══ Entries supplied ══
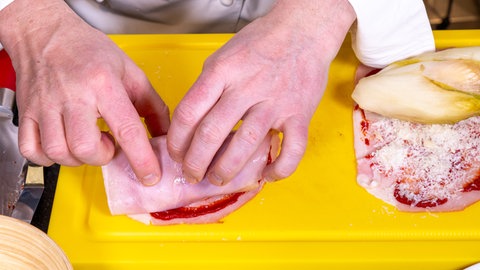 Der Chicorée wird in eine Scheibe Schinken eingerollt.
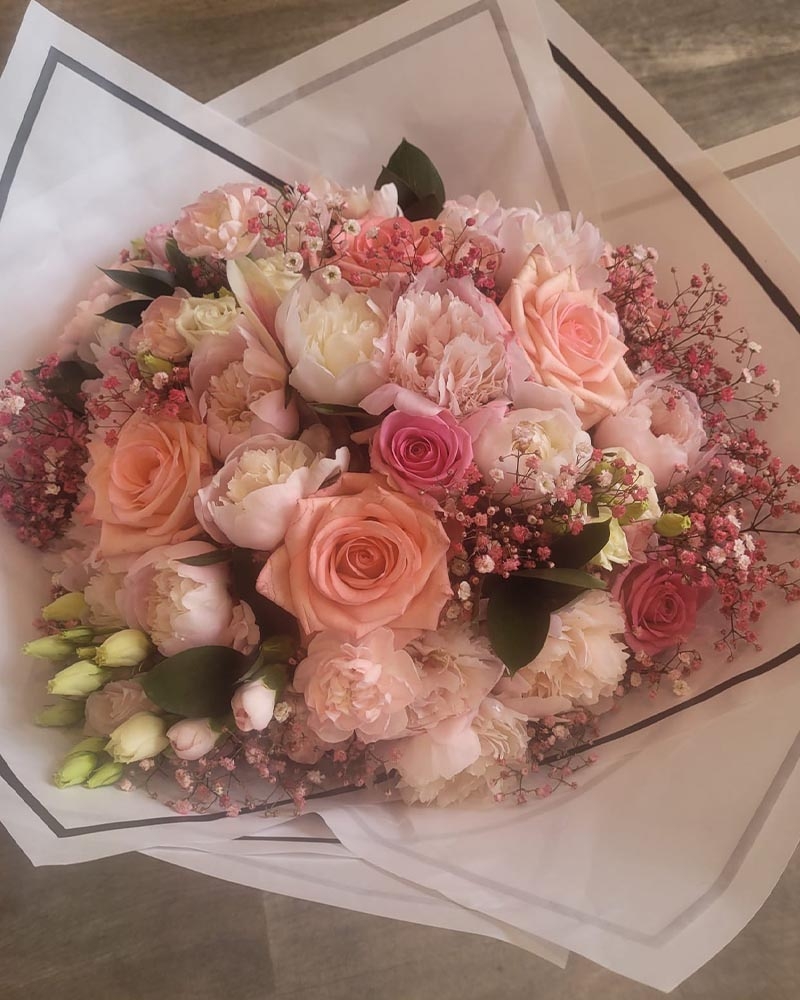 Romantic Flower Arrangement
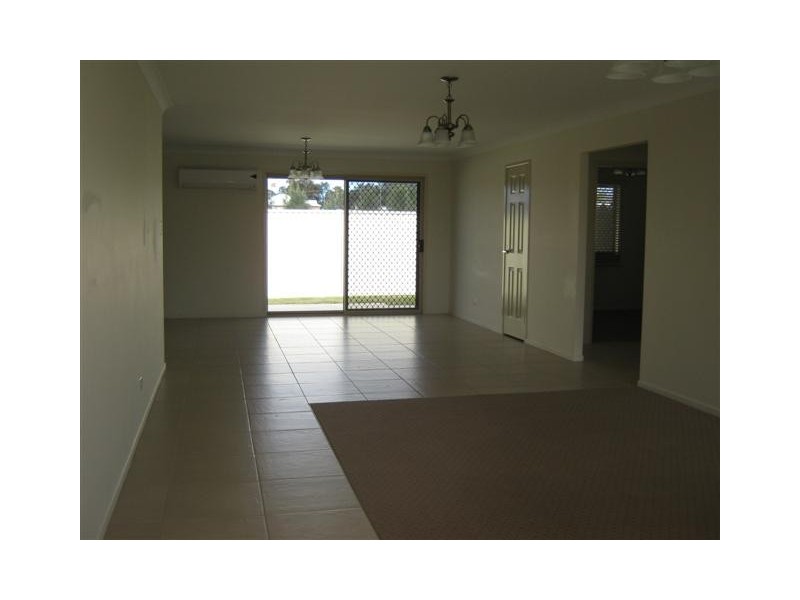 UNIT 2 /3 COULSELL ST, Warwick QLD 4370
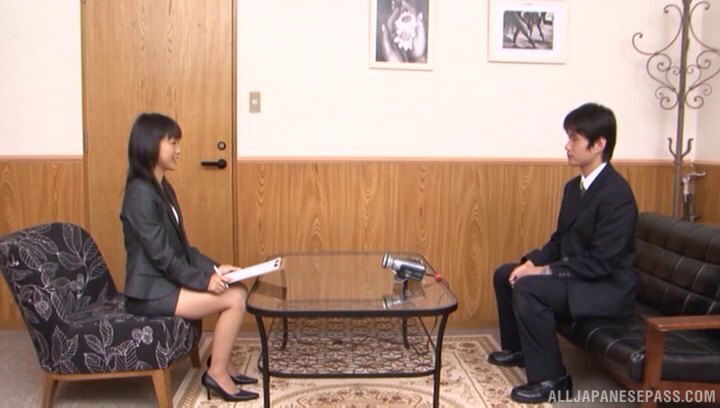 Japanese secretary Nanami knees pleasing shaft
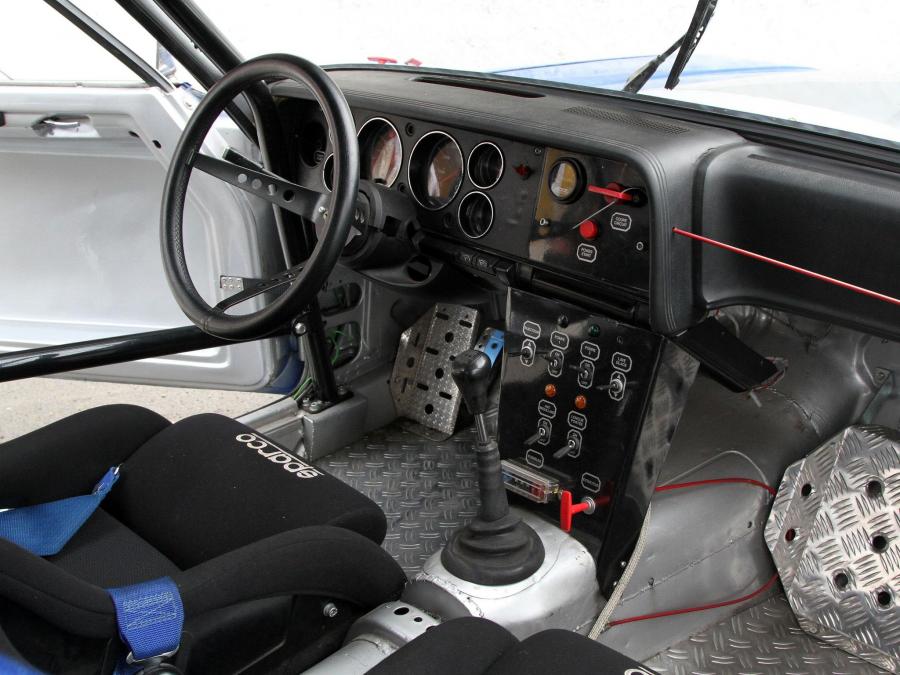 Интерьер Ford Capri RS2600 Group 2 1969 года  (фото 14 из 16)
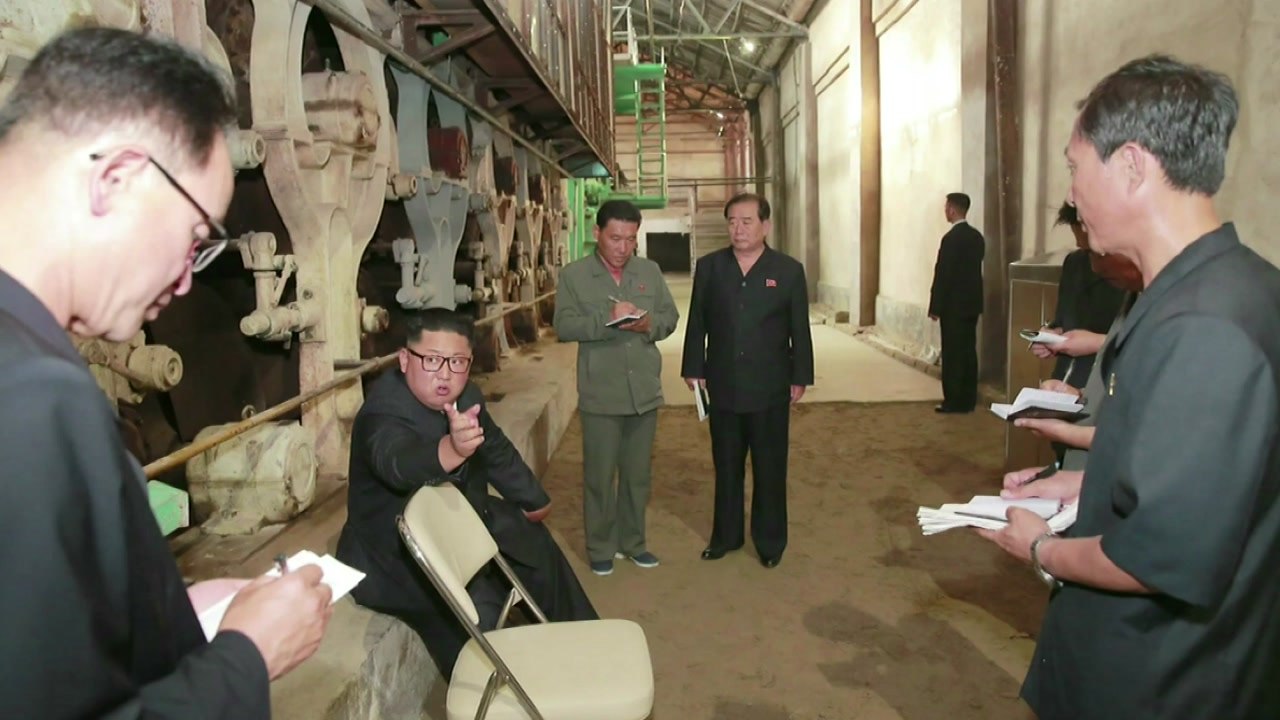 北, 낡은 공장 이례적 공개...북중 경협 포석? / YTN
═══
══ Entries supplied ══
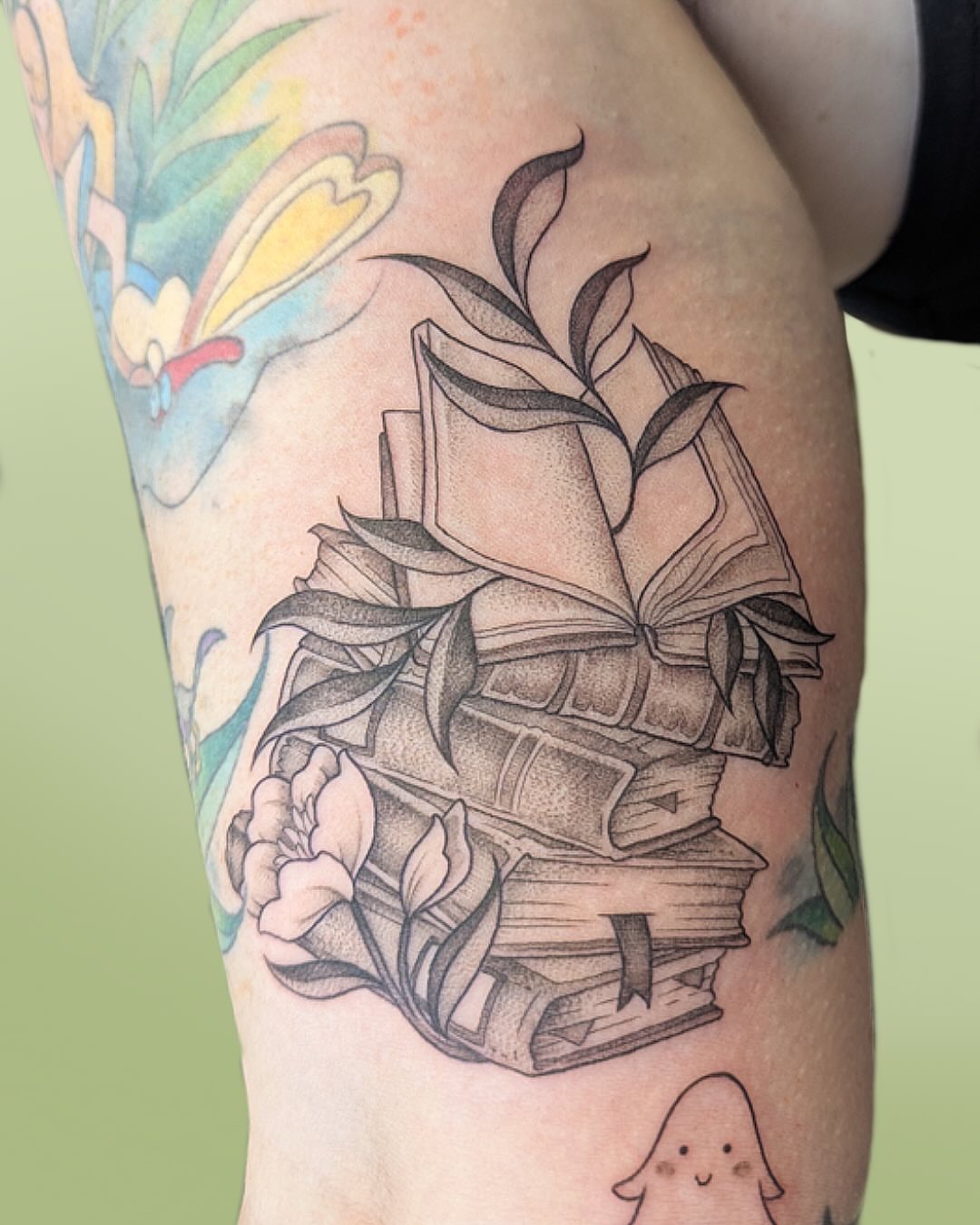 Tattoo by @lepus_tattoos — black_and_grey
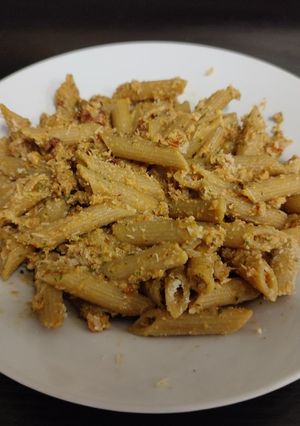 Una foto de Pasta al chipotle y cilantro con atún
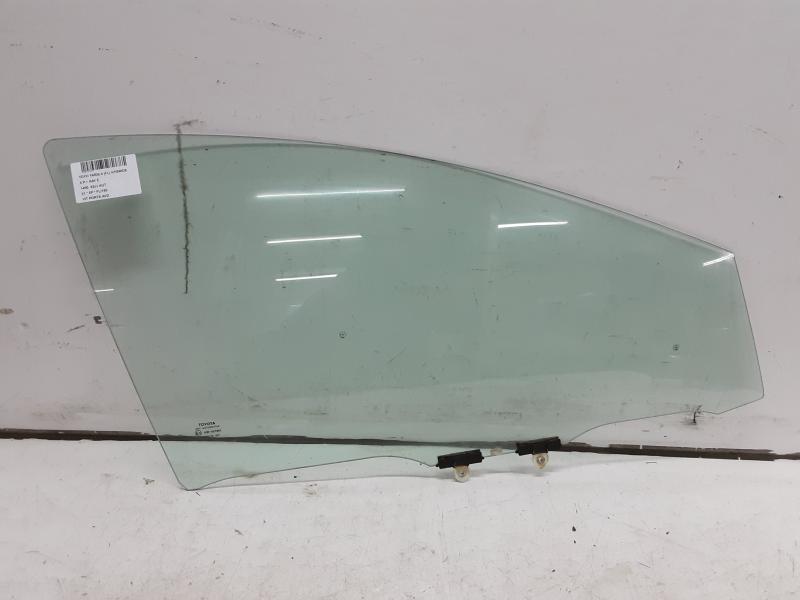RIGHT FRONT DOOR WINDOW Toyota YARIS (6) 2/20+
═══
══ Entries supplied ══
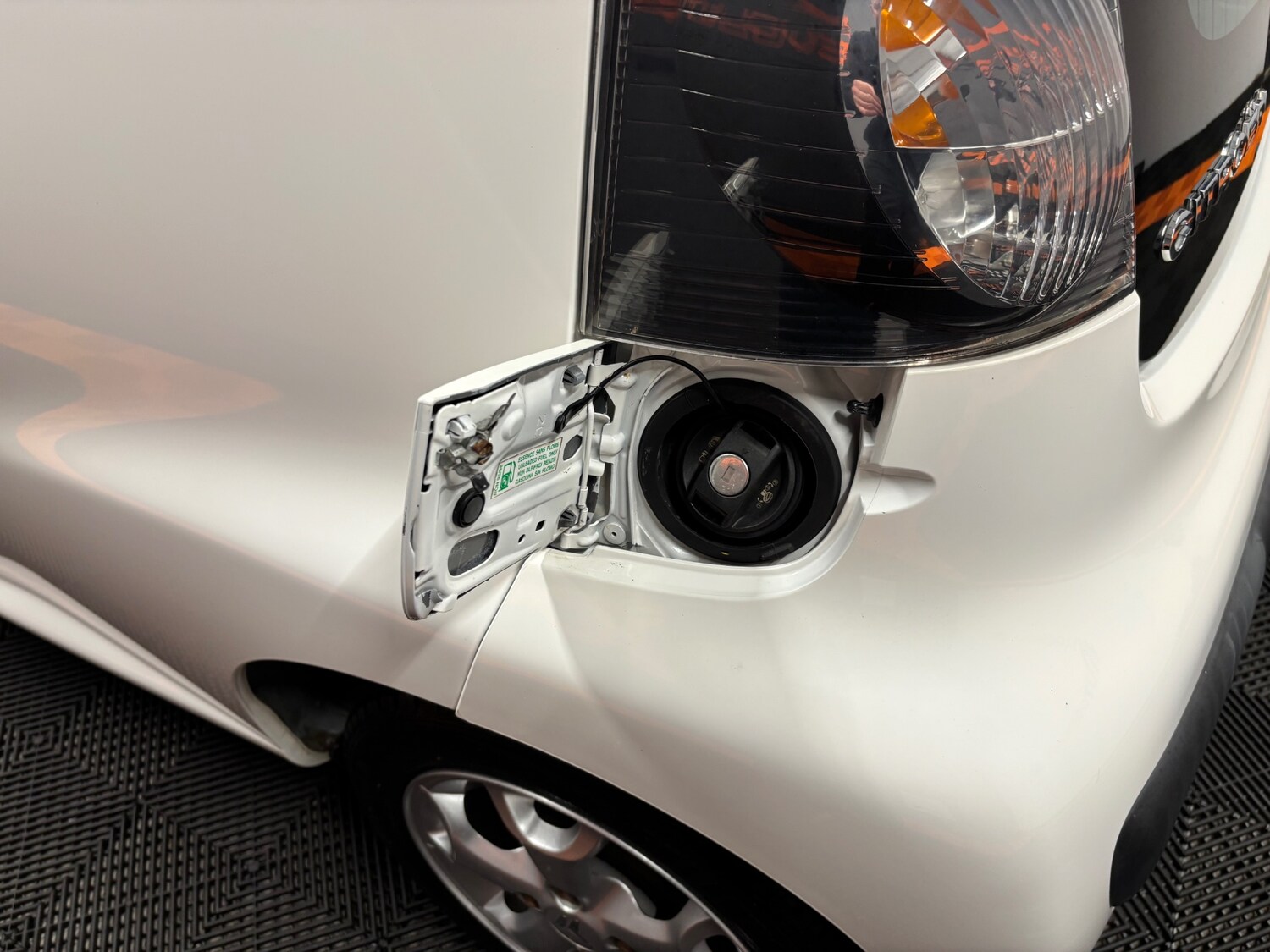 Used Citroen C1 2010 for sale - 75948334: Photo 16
═══
• **Try it**: Lines wanted from the entries above: the one with "Romantic Flower Arrangement", the one with "北, 낡은 공장 이례적 공개...북중 경협 포석? / YTN", and all lines between. Please copy them exactly, without the pictures and without anything else.

• **Answer to the problem**:
 Romantic Flower Arrangement
 UNIT 2 /3 COULSELL ST, Warwick QLD 4370
 Japanese secretary Nanami knees pleasing shaft
 Интерьер Ford Capri RS2600 Group 2 1969 года  (фото 14 из 16)
 北, 낡은 공장 이례적 공개...북중 경협 포석? / YTN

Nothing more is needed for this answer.